As vozes da solidão, as vozes da tristeza
rondam-me inelutavelmente.
Como é que isso pode suavizá-las, essa cançãozinha de ninar?

Por quanto tempo posso ser um muro ao redor de minha verde
[propriedade?
Por quanto tempo podem minhas mãos
serem bandagem para suas feridas, e minhas palavras
pássaros pairando no céu, consolando, consolando?
É uma coisa terrível
esta desproteção: como se meu coração
pusesse uma cara e caminhasse pro mundo.

TERCEIRA VOZ:
Hoje as faculdades estão bêbadas com a primavera.
Minha beca preta é um pequeno funeral:
mostra que estou séria.
Os livros que trago se comprimem do meu lado.
Certa vez tive uma velha ferida, mas está curando.
Sonhei com uma ilha rubra de gritos.
Era um sonho, não significava nada.

PRIMEIRA VOZ:
A alvorada flore o grande ulmeiro fora de casa.
As andorinhas voltaram. Estão gritando como foguetes de papel.
Escuto o som das horas
dilatando e morrendo nas cercanias. Escuto o mugido das vacas.
As cores se recuperam, e o feno
úmido ferve ao sol.
Os narcisos abrem seus rostos brancos no pomar.
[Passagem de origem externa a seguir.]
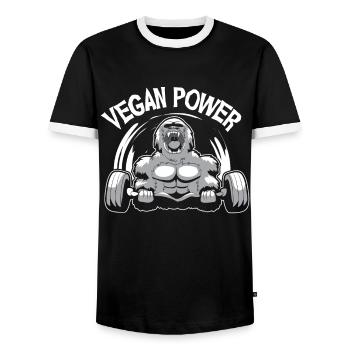 Vegan Power - Männer Kontrast-T-Shirt - Schwarz/Weiß - Vorne - AI Model Female 172 light (172cm) & AI Model Male 178 light (178cm)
Estou tranquila. Estou tranquila.
Estas são as cores vívidas do berçário,
os patos falantes, os cordeiros alegres.
Sou simples de novo. Acredito em milagres.
Eu não acredito nessas crianças terríveis
que perturbam meu sono com olhos brancos e mãos sem dedos.
Não são minhas. Não me pertencem.

Devo meditar sobre a normalidade.
Devo meditar sobre meu filhinho.
Ele não caminha. Não fala uma palavra.
Ainda está enrolado em faixas brancas.
Mas é rosa e perfeito. Ele sorri com tanta frequência.
Enchi esse quarto com rosas no papel de parede,
e pintei corações em tudo.

Não quero que seja excepcional.
É a exceção que interessa o diabo.
É a exceção que escala a colina da tristeza
ou se senta no deserto e machuca o coração de sua mãe.
Eu o quero comum,
para amar-me e por mim ser amado,
para que se case com quem e onde queira.

TERCEIRA VOZ:
Meio-dia quente nos prados. Os botões-de-ouro
abafam e derretem, e os amantes
passam e passam.
São pretos e rasos como sombras.
É tão bonito não ter de apegar-se!
Sou solitária como a grama. O que é esta saudade?
Saberei algum dia, seja lá o que for?

Os cisnes se foram. Mesmo assim o rio
se lembra de como eram brancos.
Tenta encontrá-los nas luzes.
Observa suas formas nas nuvens.
O que é esse pássaro que grita
com tanta tristeza na voz?
Estou mais jovem do que nunca, ele diz. O que é esta saudade?

SEGUNDA VOZ:
Estou em casa sob a luz da lâmpada. As tardes se alongam.
Remendo a barra da seda: meu marido lê.
Como é bonita a luz incidindo sobre tudo.
Tem uma espécie de fumaça no ar primaveral,
uma fumaça que colore de rosa os parques,
as pequenas estátuas, como a ternura acordasse,
a ternura que não se cansa, que cura.

Aguardo e padeço. Creio que estou sendo curada.
Há mais o que fazer. Minhas mãos
podem coser com cuidado este material. Meu marido
pode virar e virar as páginas de um livro.
E assim estamos juntos em casa, por horas.
É só o tempo que pesa sobre nossas mãos.
É só o tempo, e isso não é material.

As ruas podem se tornar papel subitamente, mas eu me recupero
de minha longa queda, e me encontro na cama,
a salvo no colchão, mãos cruzadas, como pressentisse a queda.
Encontro-me novamente. Não sou uma sombra
ainda que haja uma sombra que saia de meus pés. Sou uma esposa.
A cidade aguarda e padece. As graminhas
crescem nas pedras, e estão verdes de vida.